Si tratta dunque di uno spostamento dell’oggetto traumatico in uno spazio diverso per renderlo ironico e quindi più accettabile (come in questo caso, invece di porre l’attenzione sulle bombe che ovviamente potevano ucciderli, si è posta l’attenzione al battito impazzito di mia madre che risulta essere più forte di un’esplosione stessa).

“Tua mamma aveva tanta, tanta, tanta, tanta paura.
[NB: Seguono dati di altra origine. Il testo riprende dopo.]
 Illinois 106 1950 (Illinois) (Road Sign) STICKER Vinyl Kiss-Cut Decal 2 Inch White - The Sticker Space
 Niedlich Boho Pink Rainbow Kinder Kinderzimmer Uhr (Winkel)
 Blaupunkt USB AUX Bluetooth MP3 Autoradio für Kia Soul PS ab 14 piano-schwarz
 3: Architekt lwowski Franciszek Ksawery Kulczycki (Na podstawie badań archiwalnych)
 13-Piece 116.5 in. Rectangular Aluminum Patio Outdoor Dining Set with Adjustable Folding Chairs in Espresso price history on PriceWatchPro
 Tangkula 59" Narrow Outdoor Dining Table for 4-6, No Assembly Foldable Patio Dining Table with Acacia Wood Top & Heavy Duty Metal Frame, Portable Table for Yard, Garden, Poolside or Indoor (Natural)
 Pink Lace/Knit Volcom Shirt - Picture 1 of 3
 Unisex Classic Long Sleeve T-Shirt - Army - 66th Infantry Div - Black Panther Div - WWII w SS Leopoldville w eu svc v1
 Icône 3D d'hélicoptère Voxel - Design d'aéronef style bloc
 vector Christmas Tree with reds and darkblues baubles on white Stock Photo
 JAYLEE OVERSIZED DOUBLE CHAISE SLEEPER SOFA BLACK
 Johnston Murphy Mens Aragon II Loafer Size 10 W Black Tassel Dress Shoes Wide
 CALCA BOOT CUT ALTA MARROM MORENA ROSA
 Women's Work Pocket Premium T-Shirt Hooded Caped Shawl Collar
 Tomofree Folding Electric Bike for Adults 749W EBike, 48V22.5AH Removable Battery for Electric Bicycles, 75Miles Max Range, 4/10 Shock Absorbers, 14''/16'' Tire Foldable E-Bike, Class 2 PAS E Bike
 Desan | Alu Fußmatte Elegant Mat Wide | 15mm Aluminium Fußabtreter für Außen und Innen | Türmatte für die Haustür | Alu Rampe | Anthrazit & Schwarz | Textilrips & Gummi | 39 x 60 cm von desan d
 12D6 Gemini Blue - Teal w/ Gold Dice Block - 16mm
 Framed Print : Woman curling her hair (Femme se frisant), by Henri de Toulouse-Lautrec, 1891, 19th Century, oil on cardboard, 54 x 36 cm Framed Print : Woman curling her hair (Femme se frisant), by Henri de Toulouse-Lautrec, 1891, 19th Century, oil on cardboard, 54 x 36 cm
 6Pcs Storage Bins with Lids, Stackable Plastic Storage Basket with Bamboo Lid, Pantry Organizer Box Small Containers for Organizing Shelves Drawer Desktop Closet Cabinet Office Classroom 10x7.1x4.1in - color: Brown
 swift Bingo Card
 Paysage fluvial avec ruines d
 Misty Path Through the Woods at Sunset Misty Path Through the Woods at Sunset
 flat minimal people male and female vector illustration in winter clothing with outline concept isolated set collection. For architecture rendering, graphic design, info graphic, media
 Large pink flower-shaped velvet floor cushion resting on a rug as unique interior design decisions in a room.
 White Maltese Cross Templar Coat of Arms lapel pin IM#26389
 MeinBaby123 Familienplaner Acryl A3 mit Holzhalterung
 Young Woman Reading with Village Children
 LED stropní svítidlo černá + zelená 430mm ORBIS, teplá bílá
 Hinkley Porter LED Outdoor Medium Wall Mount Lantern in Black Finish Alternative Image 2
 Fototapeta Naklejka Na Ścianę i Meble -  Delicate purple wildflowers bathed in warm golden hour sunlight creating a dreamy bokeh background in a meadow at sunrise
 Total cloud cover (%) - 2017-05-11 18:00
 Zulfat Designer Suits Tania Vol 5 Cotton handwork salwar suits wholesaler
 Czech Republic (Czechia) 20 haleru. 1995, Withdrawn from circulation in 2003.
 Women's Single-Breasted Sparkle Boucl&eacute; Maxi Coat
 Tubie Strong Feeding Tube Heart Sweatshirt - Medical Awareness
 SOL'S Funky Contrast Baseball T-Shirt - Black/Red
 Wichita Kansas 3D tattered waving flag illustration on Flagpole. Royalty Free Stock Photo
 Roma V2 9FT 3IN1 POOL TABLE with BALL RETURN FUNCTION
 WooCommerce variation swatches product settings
Io invece meno [ride]” aveva concluso Stjepan, continuando a ridere per un po' (qui l’ironia o comunque lo “scherzo” stava che lei tremava, mentre lui “non aveva per niente paura!” avendone avuto eccome invece).

Nella lettera di Gordana Menićanin stessa (vedi cap.8.1) si ritrova un tocco di ironia quando “ringrazia” le sanzioni americane per aver trasformato Belgrado in una città “verde” tenendo “in forma la sua gente”.

Tutto questo non cambiano il trauma o i ricordi di guerra naturalmente, ma si tratta di uno “sfasamento sorprendente di una rappresentazione dolorosa [che] induce chi è stato ferito a introdurre un poco di leggerezza nel peso della propria vita, a vedere le cose diversamente, a modificarne la rappresentazione” (Cyrulnik, 2009, pag. 52).

Nel caso dell’esempio di Cyrulnik e il bambino affetto da trisomia, lo humor non cambia la ferita, il bambino rimarrà trisomico ma la famiglia vivrà in un’atmosfera più “leggera” e la “ricomparsa dei sorrisi tutelerà alla resilienza” (Ibidem).

Non si tratta di un effetto comico o caricaturale, ma di humor che da un effetto poetico.

Cyrulnik stesso distingue bene tra comicità e humor. Per la prima espone l’esempio di “Quando un filosofo fa un’esposizione pomposa con la “patta” dei pantaloni aperta ai quattro venti, quest’ultima contraddice la gravità di ciò che sta affermando e innesca un effetto comico che ridicolizza l’oratore”; e nel secondo afferma che: “si tratta soltanto di uno sfasamento, un cambiamento inatteso di rappresentazione, che prova un effetto poetico e non caricaturale” (Ibidem).